Task item - Print verbatim the lines from the beginning of the entries through the line containing "3d illustration - colorful dices", both ends included. Pictures should be left out.

━━━━━ Data under study ━━━━━

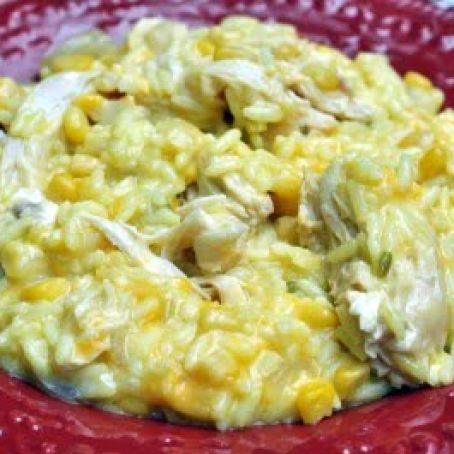 Slow Cooker Cheesy Chicken And Rice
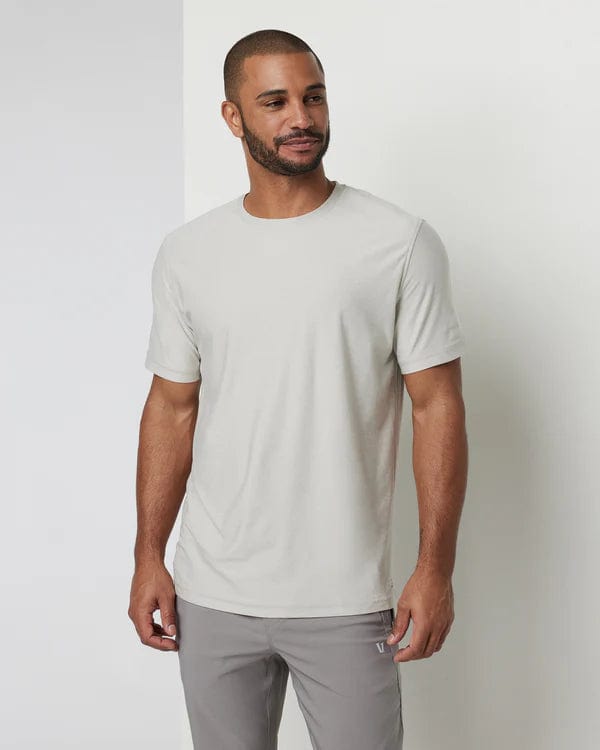 Load image into Gallery viewer, Salt Heather / MED Vuori Strato Tech Tee - Men&#39;s Vuori
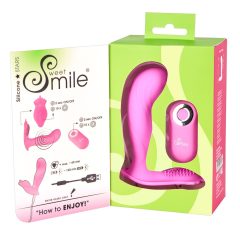   SMILE G-Spot Panty - nabíjací pripínací vibrátor na diaľkové ovládanie (ružový)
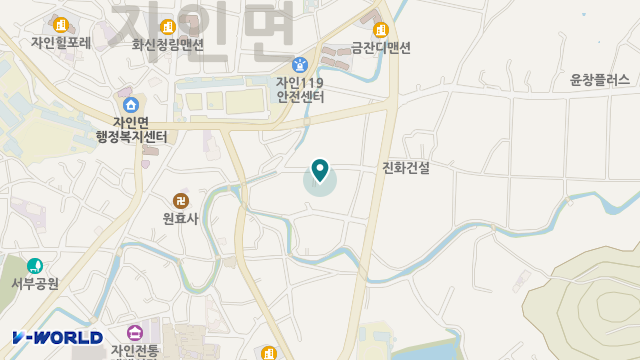 자인요양원 위치 지도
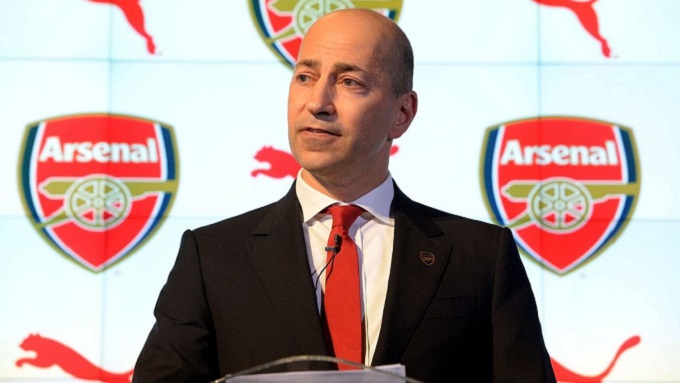 Emery says Arsenal can cope without Gazidis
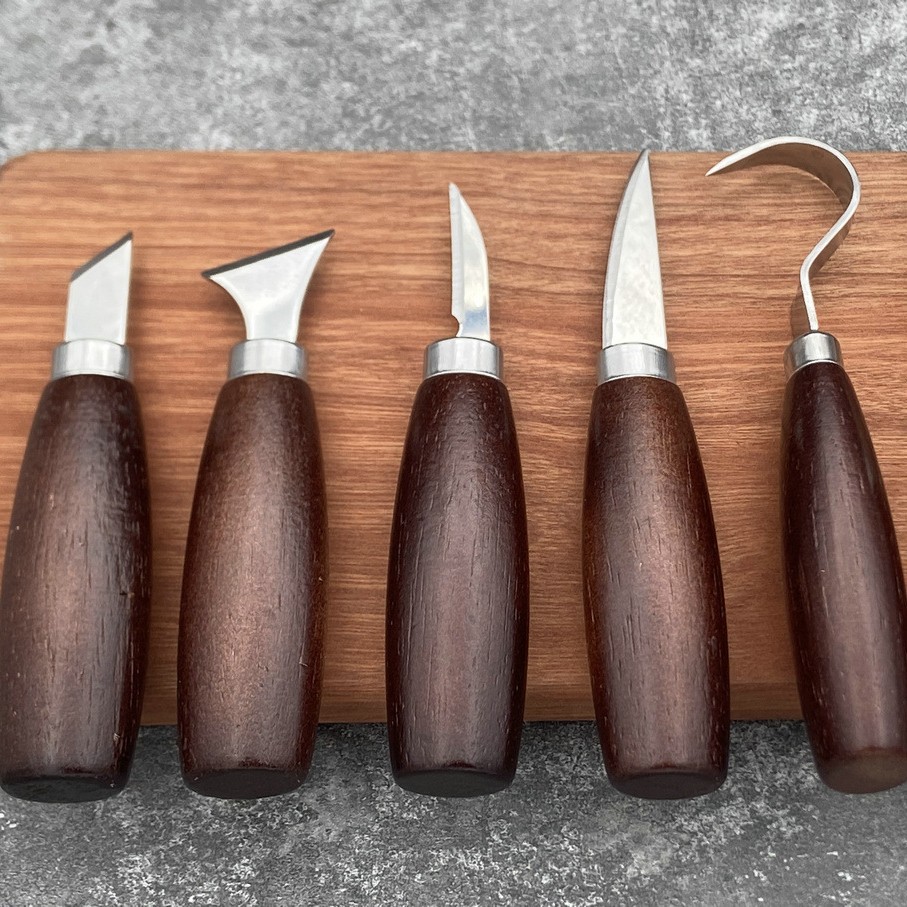 5pc Wood Carving Tools Set Oak - Art Craft Knife ulasan dan harga
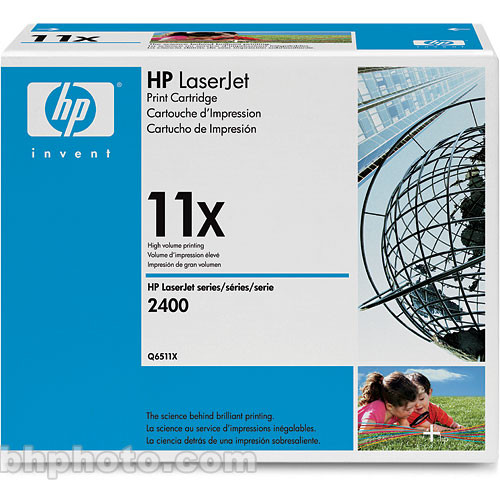 HP LaserJet 11X Black Toner Cartridge Q6511X B\u0026H Photo Video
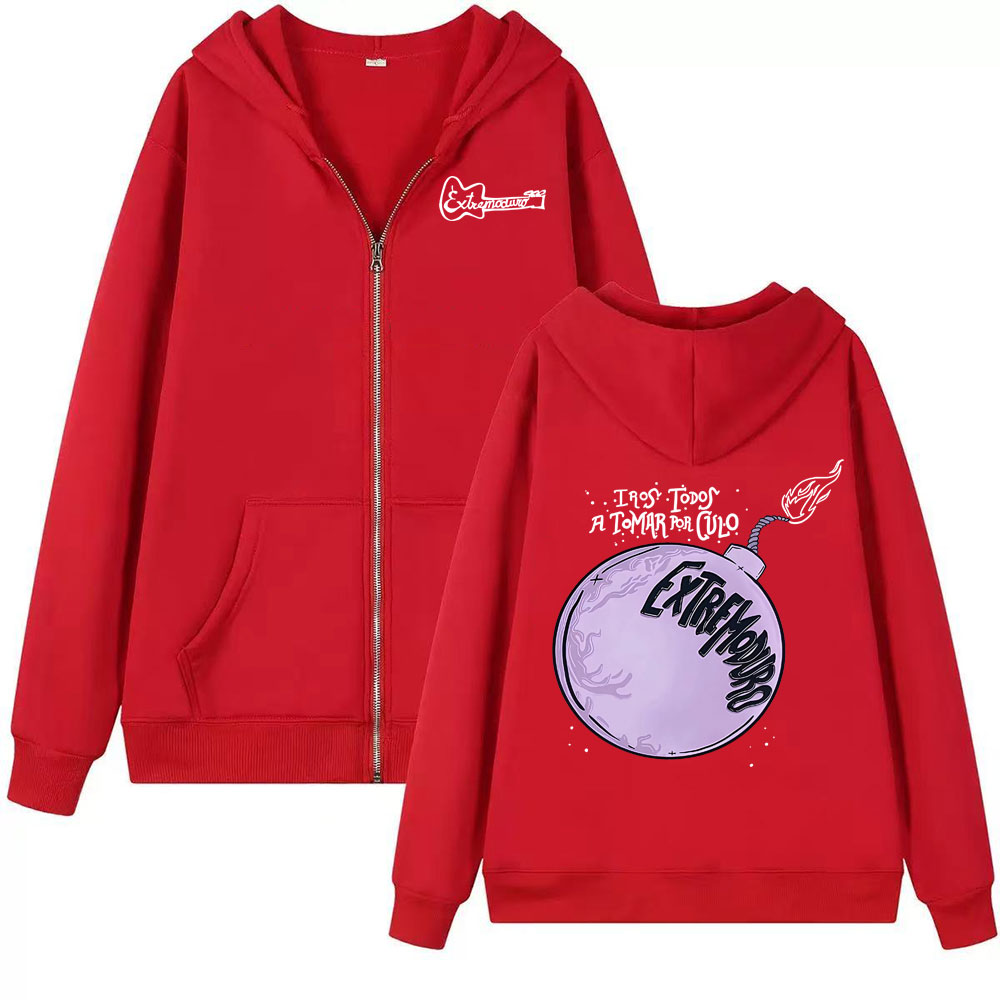 Band Extremoduro Album 2026 To - огляд і ціна Mens Fashion Zip Up Hoodies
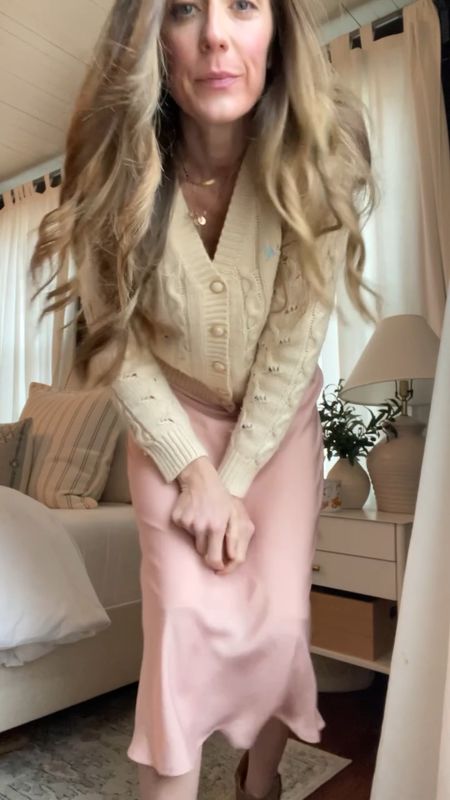 Rounding up a few of embellished cardigans that I’m loving. They pair so well with satin skirts or even just a pair of jeans. This is great outfit for Valentine’s Day! 
#valetinesday #jeans #cardigan #satinskirt

#LTKstyletip #LTKfindsunder50 #LTKover40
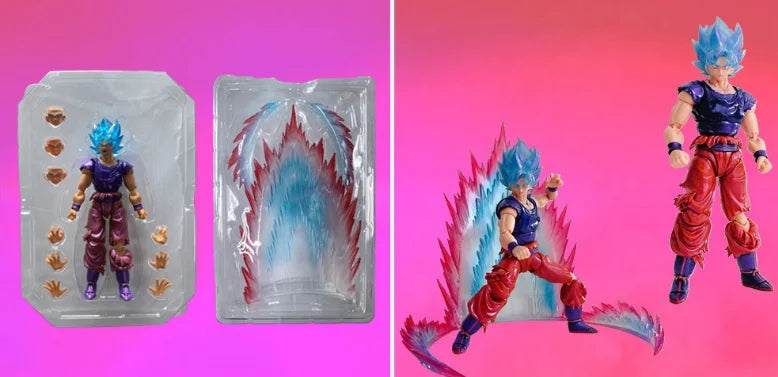 Dragon Ball z-Goku Blue KaioKen Articulé 17 Cm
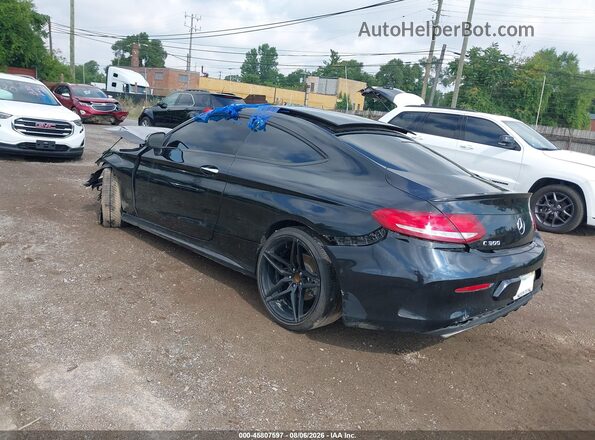 WDDWJ4JB0HF354078 2017 MERCEDES-BENZ C-CLASS Black Հետևի ձախ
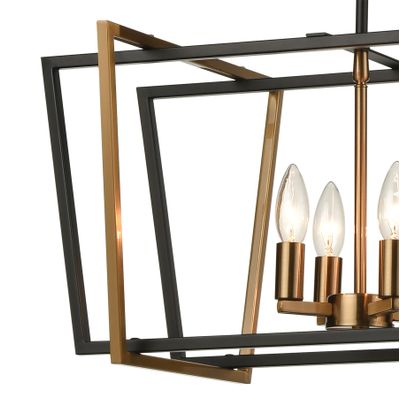 Bridgette 36″ Wide 8-Light Linear Chandelier - Matte Black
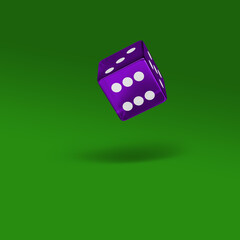 3d illustration - colorful dices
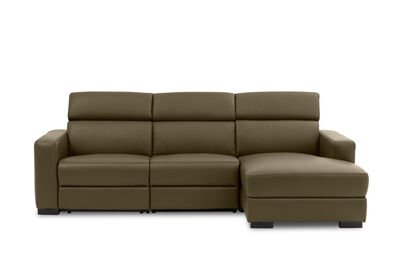 DAMIAN LEATHER - 3 Seater Sofa with RHF Chaise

━━━━━

Answer area -
 Slow Cooker Cheesy Chicken And Rice
 Load image into Gallery viewer, Salt Heather / MED Vuori Strato Tech Tee - Men&#39;s Vuori
   SMILE G-Spot Panty - nabíjací pripínací vibrátor na diaľkové ovládanie (ružový)
 자인요양원 위치 지도
 Emery says Arsenal can cope without Gazidis
 5pc Wood Carving Tools Set Oak - Art Craft Knife ulasan dan harga
 HP LaserJet 11X Black Toner Cartridge Q6511X B\u0026H Photo Video
 Band Extremoduro Album 2026 To - огляд і ціна Mens Fashion Zip Up Hoodies
 Rounding up a few of embellished cardigans that I’m loving. They pair so well with satin skirts or even just a pair of jeans. This is great outfit for Valentine’s Day! 
#valetinesday #jeans #cardigan #satinskirt

#LTKstyletip #LTKfindsunder50 #LTKover40
 Dragon Ball z-Goku Blue KaioKen Articulé 17 Cm
 WDDWJ4JB0HF354078 2017 MERCEDES-BENZ C-CLASS Black Հետևի ձախ
 Bridgette 36″ Wide 8-Light Linear Chandelier - Matte Black
 3d illustration - colorful dices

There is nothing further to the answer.